Le western, ce genre cinématographique concentre dans ses mises en scène et ses scénarios des caractéristiques qui en fait un genre différent par nature. Le film noir ou le film fantastique peuvent se retrouver sous toutes les latitudes, avec des thèmes variés. Le western n'est lui-même que s'il raconte une histoire liée strictement à un temps et à un lieu très défini et il met en relief un combat le plus manichéen et le plus simplifié possible dans des décors extrêmement typés.
Pratiquement tous les auteurs, qu'ils soient cinéphiles ou sociologues, s'accordent pour soit dénigrer, soit considérer comme "faux" western ceux qui s'en écartent. Il n'y a que les oeuvres strictement commerciales qui défendent une extension plus ou moins grande de la notion de western. Bref, comme l'écrit Hervé BAZIN, le western est le cinéma américain par excellence et pas de n'importe quelle Amérique.
De nombreux auteurs tentent de définir le western.

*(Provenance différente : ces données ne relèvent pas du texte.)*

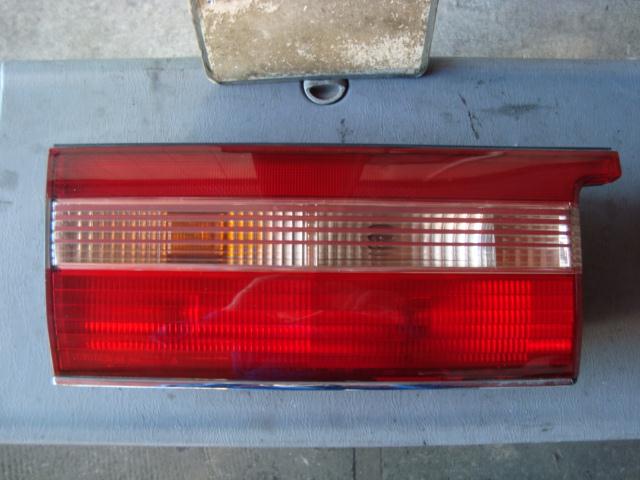 【中古】中古部品 クラウン JZS151 リアフィニッシャーパネル 【3340080100-000889860015200】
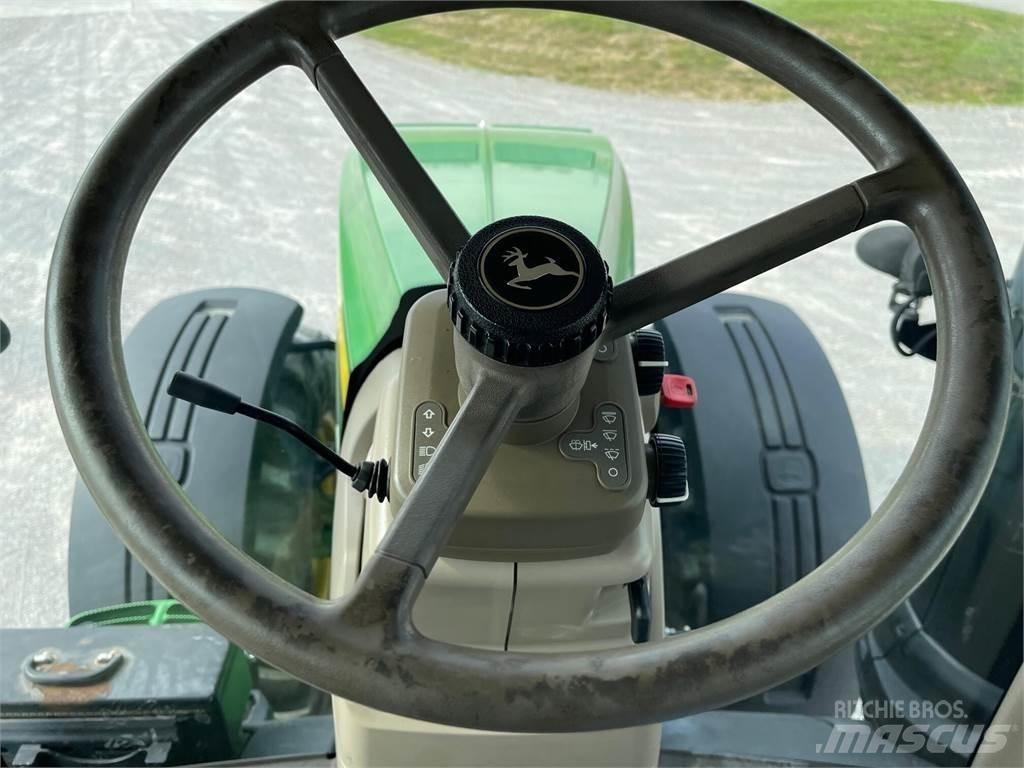 John Deere 8245R Traktorid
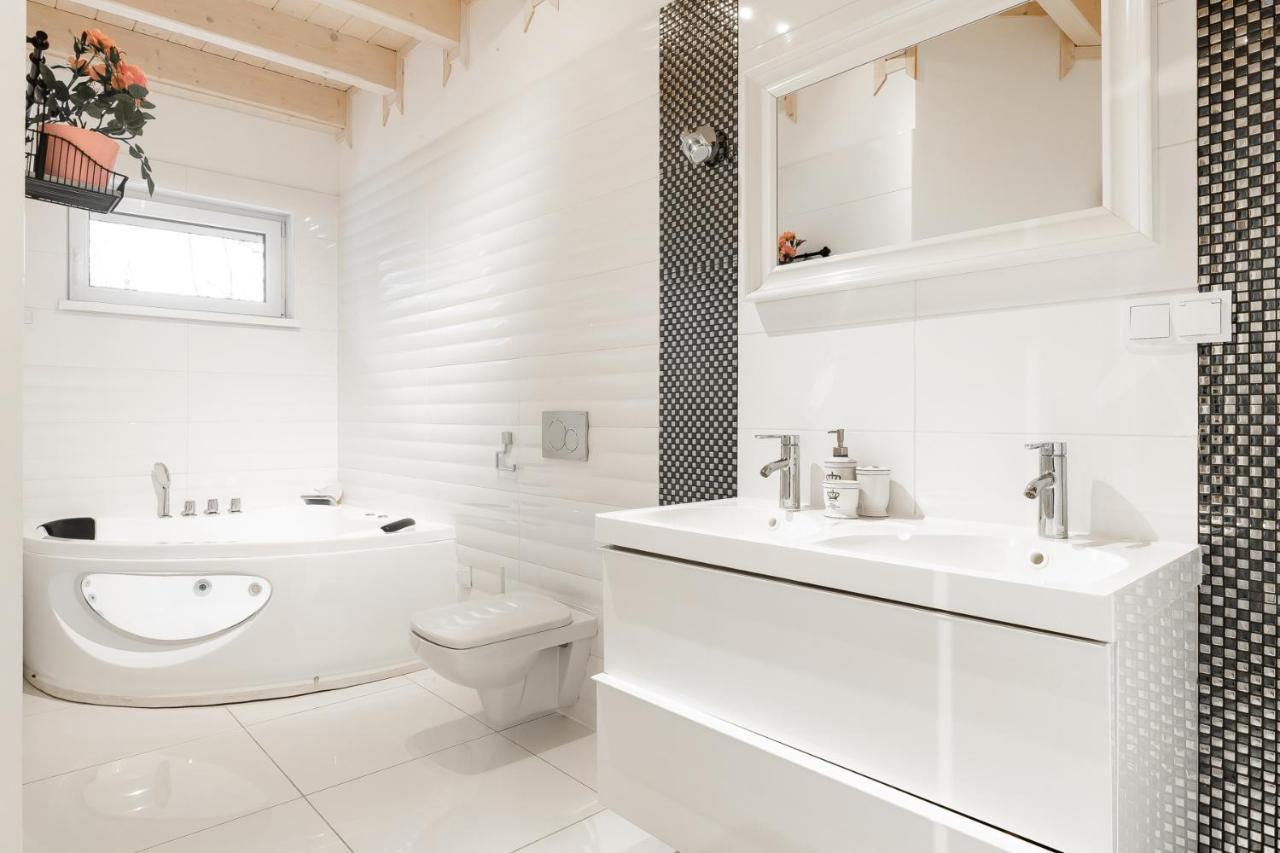 Babiogorska Perelka W Skandynawskim Stylu Z Sauna I Kominkiem Jordanow Extérieur photo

Suzanne LIANDRAT-GUIGUES rappelle certaines tentatives, de Jean GILI, de Roger TAILLEUR ou d'elle-même, citant à l'appui maintes réalisations. Jean GILI (Sidney Pollak, ouvrage collectif sous la direction de Jean GILI, Université de Nice, 1971) systématise ce qui manque souvent de rigueur en établissant les règles suivantes : "Les films tournés au Mexique ne sont des westerns qu'à la condition de mettre en scène des Américains..." Au plan historique, il englobe le XVIIIe siècle "à la condition que le thème soit d'inspiration traditionnelle et qu'il évoque, au départ des colonies de Nouvelle-Angleterre, la pénétration de colons en direction de l'Ouest" et il propose de ne pas dépasser, au XXe siècle, la fin de la Première Guerre mondiale. A cet ensemble varié et si peu homogène, il faudrait ajouter la référence quasi-obligatoire à des groupes humains : cowboys, trappeurs ou chercheurs d'or ; cavalerie ou bande de hors-la-loi ; shérifs ou marshals ; prêtres et pasteurs, docteurs et juges ; joueuses et entraîneuses de saloon ; pionnières, institutrices ou mères de famille. Mais pas de n'importe quel prêtre, docteur et juge. Et pas de n'importe quelles joueuses ou institutrices. D'autres distinctions seraient à établir encore entre le héros et le vilain, les bons et les méchants, les victimes et ceux qui instaurent l'ordre ou font régner la terreur ; les maladroits et les tireurs d'élite ; les fermiers et les éleveurs, les sédentaires et les solitaires errants, hommes de l'Est et westerners, etc. Suzanne LIANDRAT-GUIGUES estime que cela fait très catalogue à aspect illimité, mais nous pensons que Jean GILI ne pense pas à n'importe quels bons et méchants ou à n'importe quels fermiers et éleveurs.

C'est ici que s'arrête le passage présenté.